↓↓↓
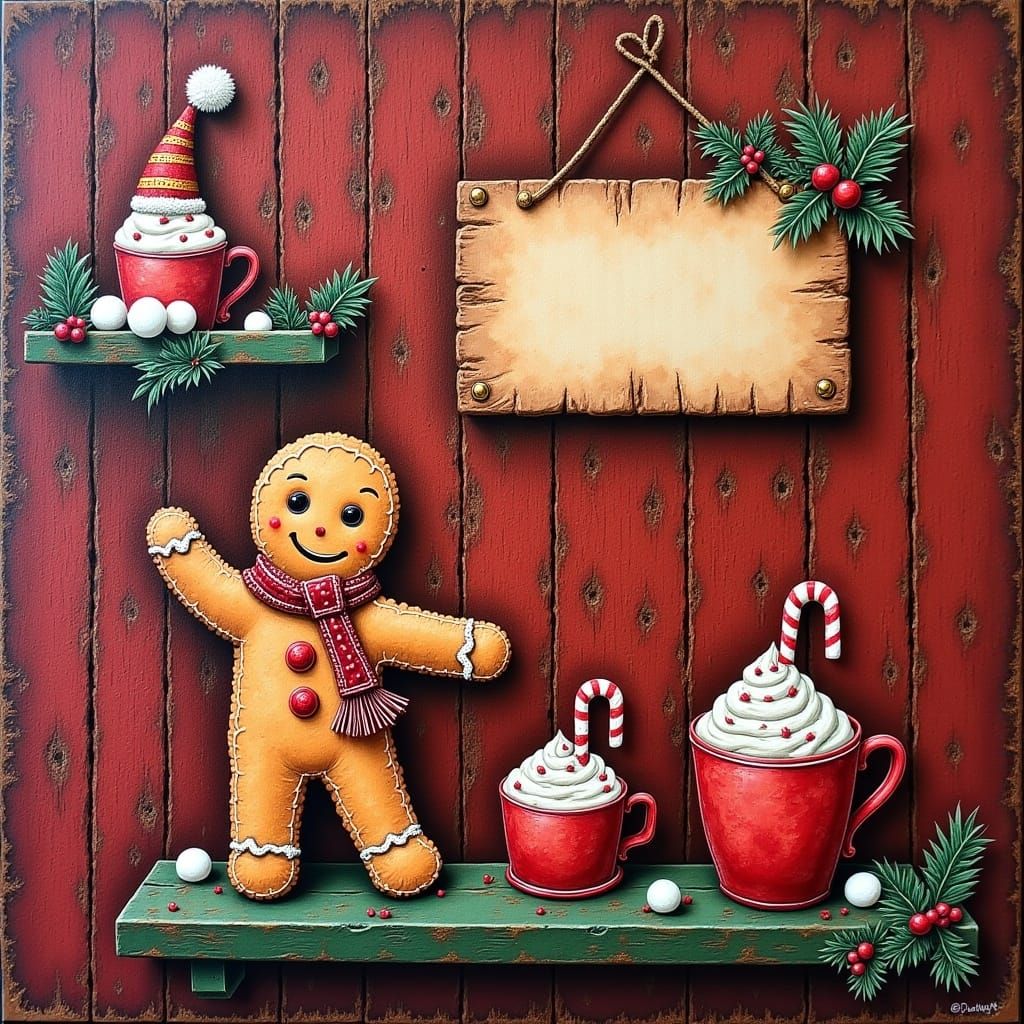 Distressed Wooden Shelf with Christmas Treats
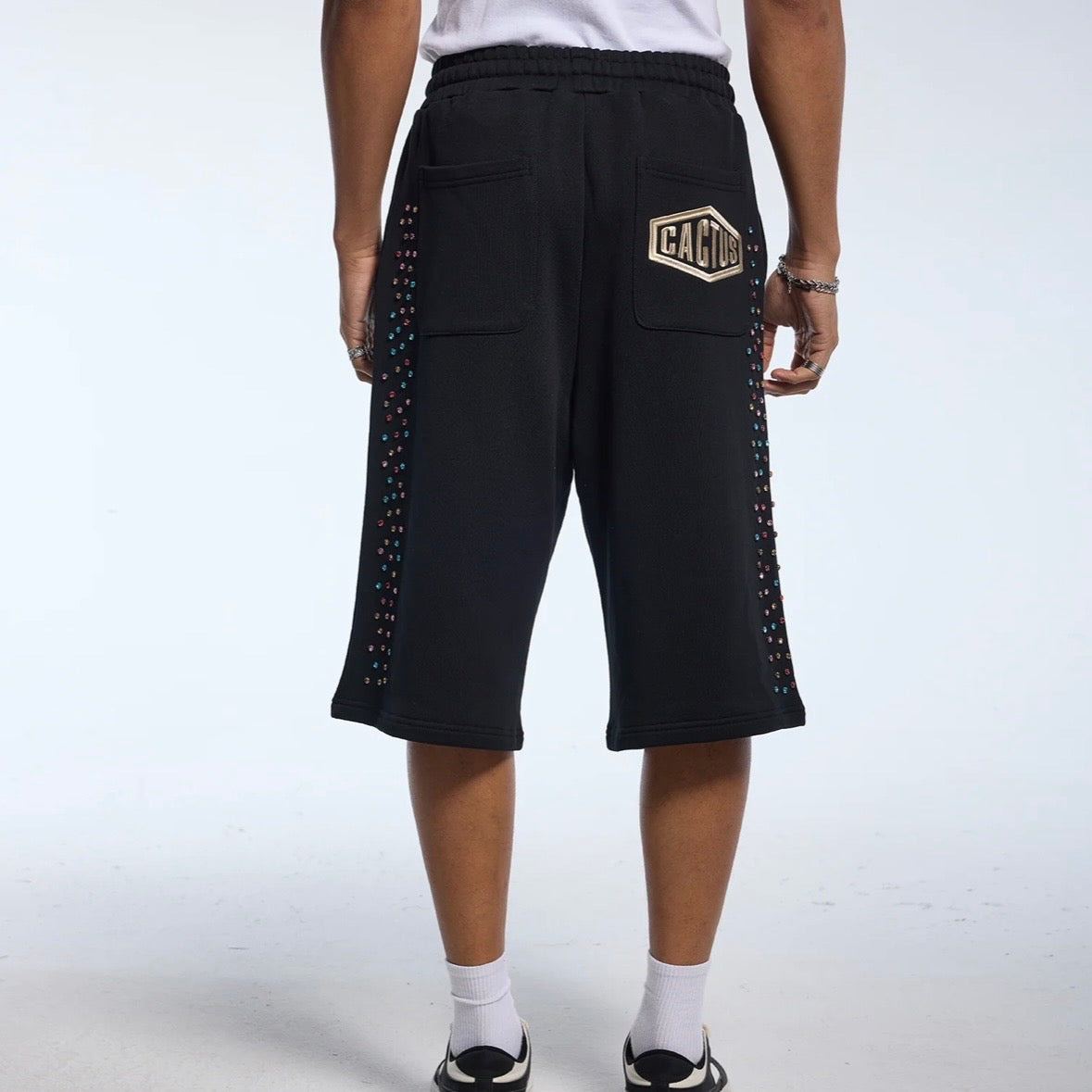 AZVA Black Crystal Cactus Shorts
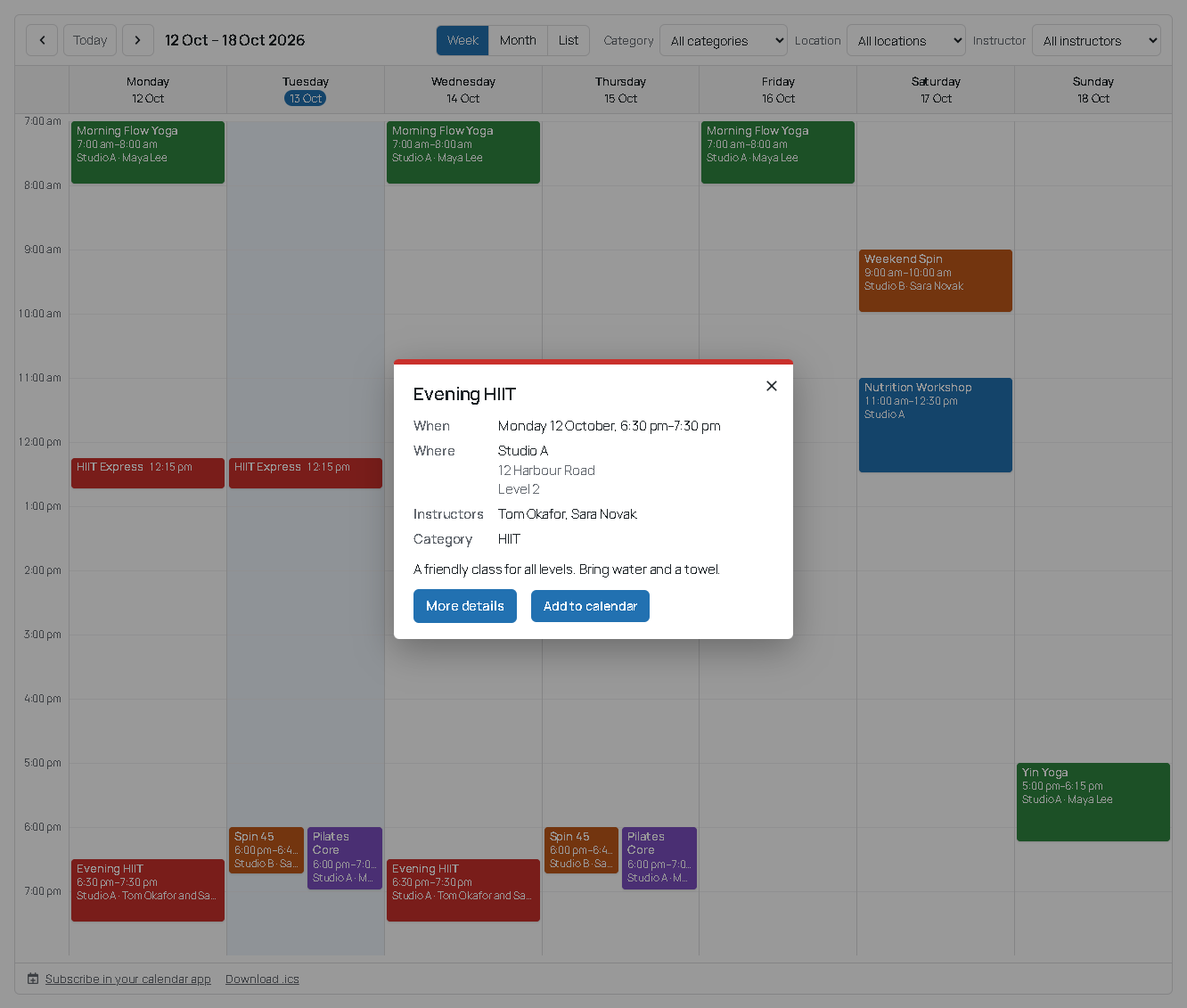 Event details popup with location, instructor and "Add to calendar".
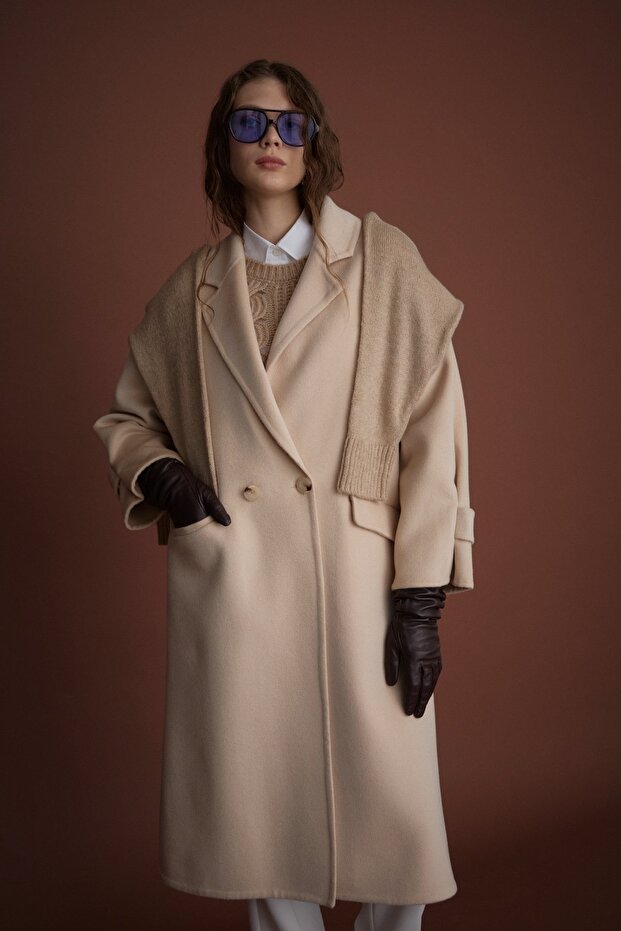 Oversize %100 Yün Kaban Bej - 8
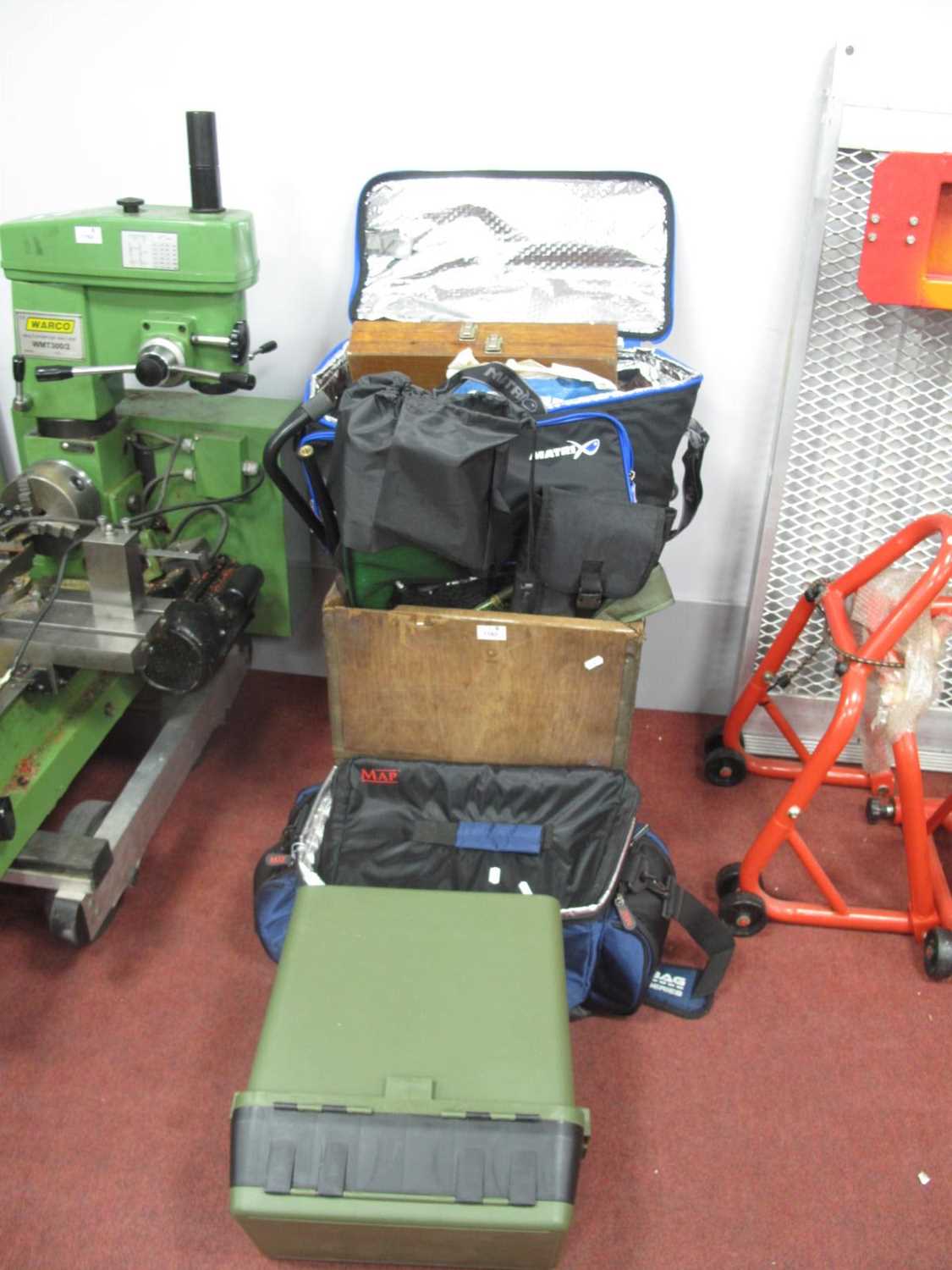 Lot 1163 Fishing keep nets, feather lures, bait,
↑↑↑
→ **Exercise goal**
Please copy the lines exactly, beginning at the one containing "Oversize %100 Yün Kaban Bej - 8" and ending at the last line of the records above, both included, with the pictures left out.

→ **Task result**
 Oversize %100 Yün Kaban Bej - 8
 Lot 1163 Fishing keep nets, feather lures, bait,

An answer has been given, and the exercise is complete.